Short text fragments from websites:
---+---

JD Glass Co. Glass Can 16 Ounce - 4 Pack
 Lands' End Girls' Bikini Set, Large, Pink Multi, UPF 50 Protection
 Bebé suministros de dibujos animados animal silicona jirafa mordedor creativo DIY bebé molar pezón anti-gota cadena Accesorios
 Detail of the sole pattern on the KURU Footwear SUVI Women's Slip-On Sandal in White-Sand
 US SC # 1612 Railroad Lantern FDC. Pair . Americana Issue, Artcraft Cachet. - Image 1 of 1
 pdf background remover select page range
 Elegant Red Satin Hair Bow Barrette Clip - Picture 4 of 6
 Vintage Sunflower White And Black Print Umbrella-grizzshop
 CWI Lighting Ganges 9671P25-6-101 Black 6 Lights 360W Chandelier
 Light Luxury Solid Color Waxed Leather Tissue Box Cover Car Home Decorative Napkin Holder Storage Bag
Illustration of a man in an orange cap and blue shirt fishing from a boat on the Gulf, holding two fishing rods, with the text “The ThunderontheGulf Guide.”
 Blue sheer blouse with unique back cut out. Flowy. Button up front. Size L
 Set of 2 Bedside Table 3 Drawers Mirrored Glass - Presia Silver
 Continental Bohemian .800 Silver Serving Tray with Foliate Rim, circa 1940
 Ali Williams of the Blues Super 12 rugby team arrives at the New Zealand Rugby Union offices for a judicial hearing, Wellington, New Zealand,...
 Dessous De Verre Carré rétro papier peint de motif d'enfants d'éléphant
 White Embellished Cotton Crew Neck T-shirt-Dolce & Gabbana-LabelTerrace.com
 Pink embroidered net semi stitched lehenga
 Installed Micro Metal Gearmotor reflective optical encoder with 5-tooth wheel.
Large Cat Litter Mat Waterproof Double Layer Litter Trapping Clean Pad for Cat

---+---

• [Work to complete]:
When you reach the line containing "Set of 2 Bedside" in the data above, start copying exactly, and stop after the line containing "Ali Williams of".

• [Result of the task]:
 Set of 2 Bedside Table 3 Drawers Mirrored Glass - Presia Silver
 Continental Bohemian .800 Silver Serving Tray with Foliate Rim, circa 1940
 Ali Williams of the Blues Super 12 rugby team arrives at the New Zealand Rugby Union offices for a judicial hearing, Wellington, New Zealand,...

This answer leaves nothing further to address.